Accepted Paper
Presentation short abstract
AI monitoring, platforms, and biodiversity credits recast nature as tradable ‘units’. Though it promises transparency and efficiency, digitisation trends in conservation are yielding illiberal valuation regimes. A Lacanian reading explains the appeal of an opaque technical approach to conservation.
Presentation long abstract
The liberal promises of transparency, rational management, and market efficiency have long organised neoliberal conservation, while digitisation and datafication are familiar handmaidens to its eternally deferred promises to arrive at competitive markets that finally integrate the proper ‘value’ of nature. Yet the rise of digital monitoring, AI-driven ecological modelling, and platform-mediated certification for trading in ‘fictitious capital’ is reshaping conservation in ways that sit uneasily with these liberal norms.

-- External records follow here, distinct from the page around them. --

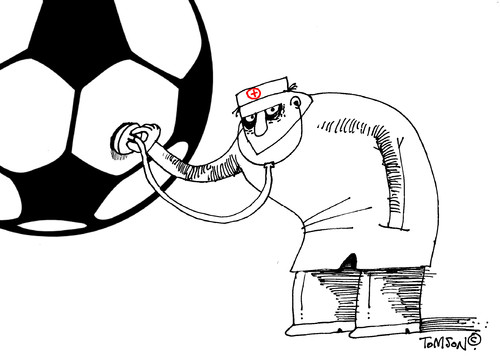 Cartoon: FIFA troubles (medium) by to1mson tagged fifa,problemy,troubles,fussball,football,pilka,nozna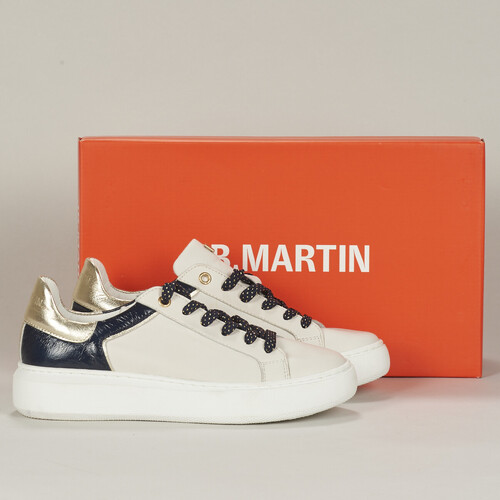 Schuhe Damen Sneaker Low JB Martin FLORA Nappa / Marine
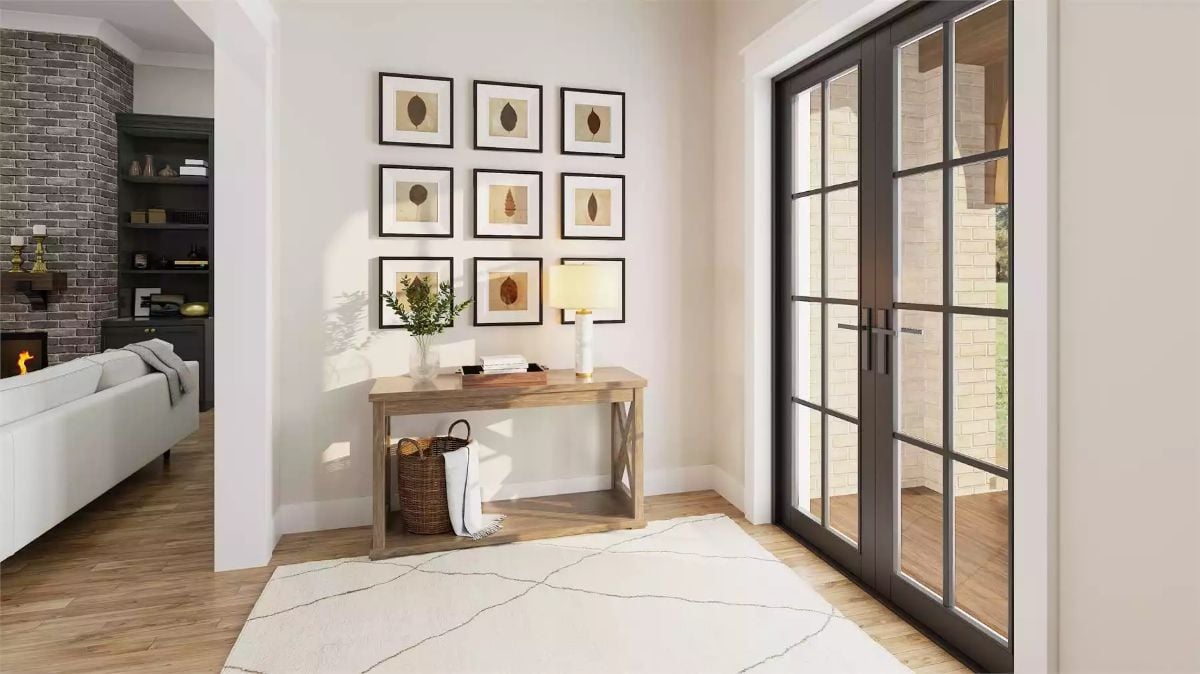 Leaf Prints, a Console Table, and an Entryway That Actually Does Its Job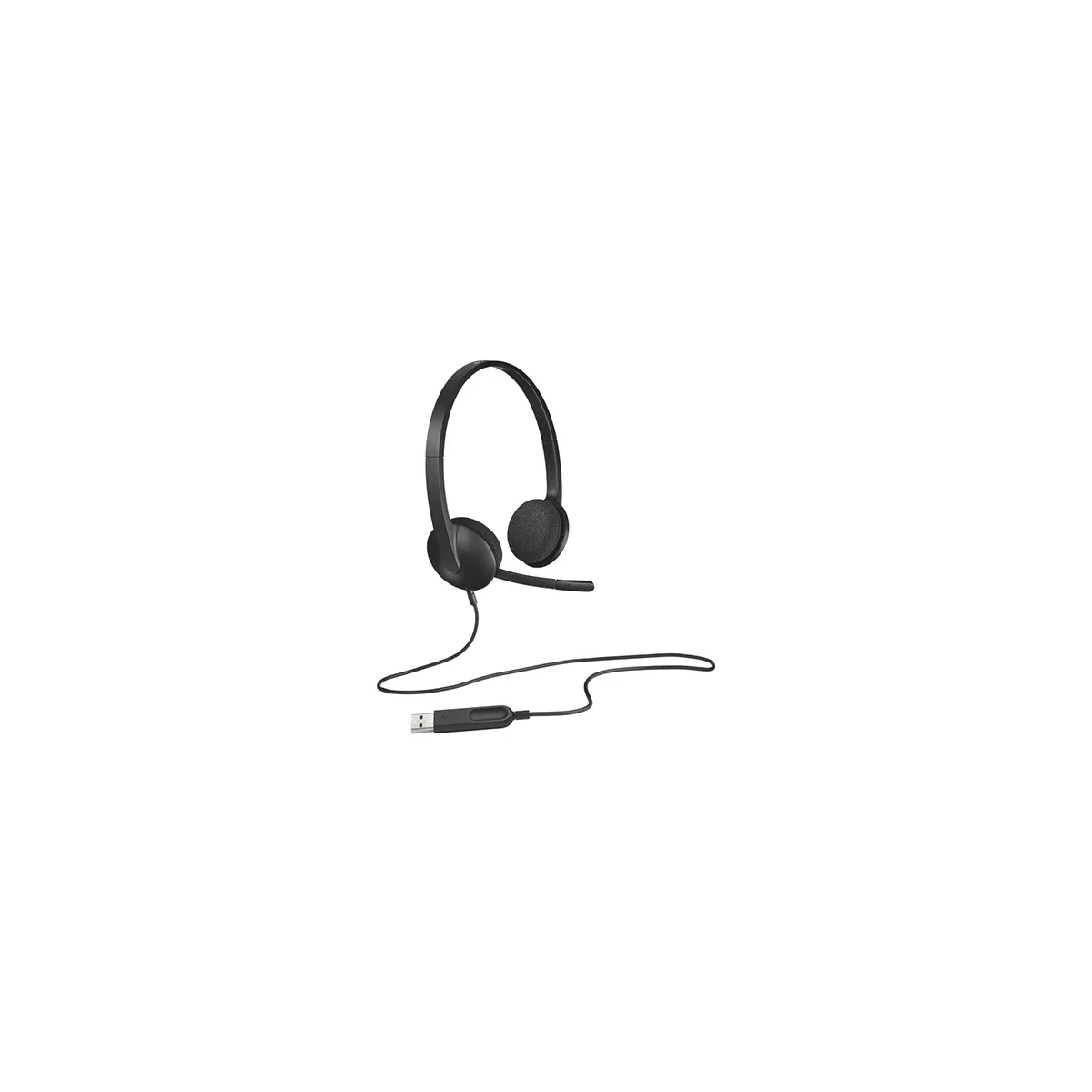 سماعة رأس Logitech H340 ستيريو سلكية USB مع ميكروفون عازل للضوضاء - Thumbnail 5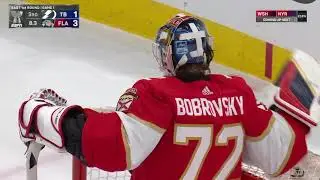Nikita Kucherov's sweet assist on Stamkos's goal vs Panthers in game 1 (21 apr 2024)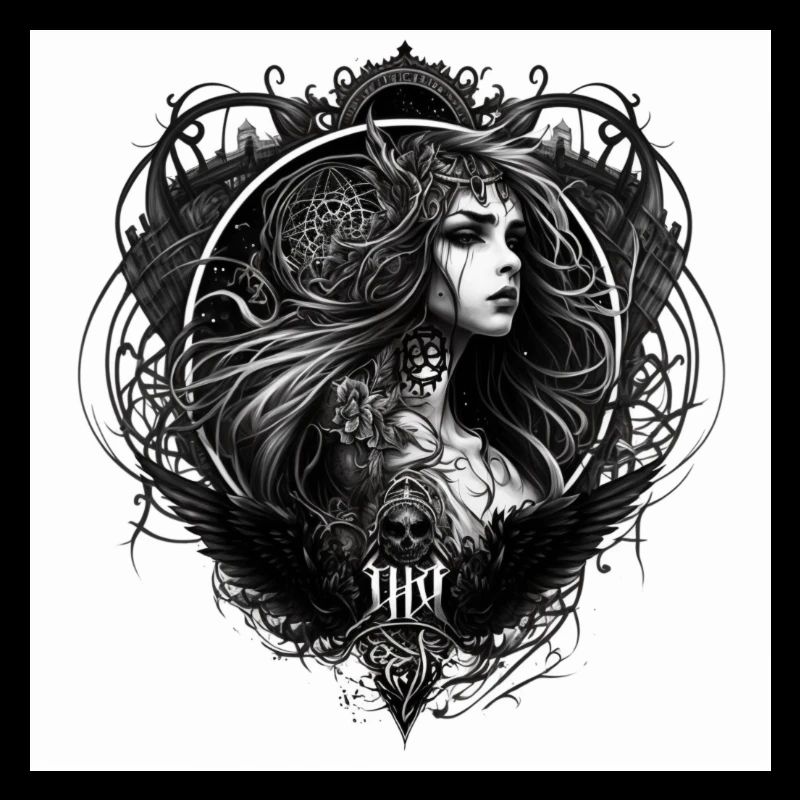 Femme fatale tattoo style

To understand whether, how, and why digitisation trends in conservation are contributing to an illiberal sea change requires examining much more than the technologies themselves. In contemporary biodiversity market initiatives, big technology firms, state governments, and international NGOs are collaborating to create a new asset class – the “unit of nature” – the latest promise to attract private capital into conservation. I argue that rather than delivering competitive markets or transparency, the emerging digital assemblages illiberally centralise authority in private platforms that determine what counts as nature, how it is measured, and which ecological claims qualify as tradable value.
To account for the appeal and legitimacy of these opaque valuation systems, I draw on psychoanalytic political ecology, particularly Jodi Dean’s Lacanian account of the decline of symbolic authority in illiberal contexts. The erosion of shared, public criteria of ecological truth produces new attachments to opaque technical systems, which are embraced as authoritative precisely because their internal workings are inscrutable. Digitisation thus becomes an unlikely stabiliser of illiberal conservation: a fetishised black box that masks and reproduces the political-economic dynamics enabling it.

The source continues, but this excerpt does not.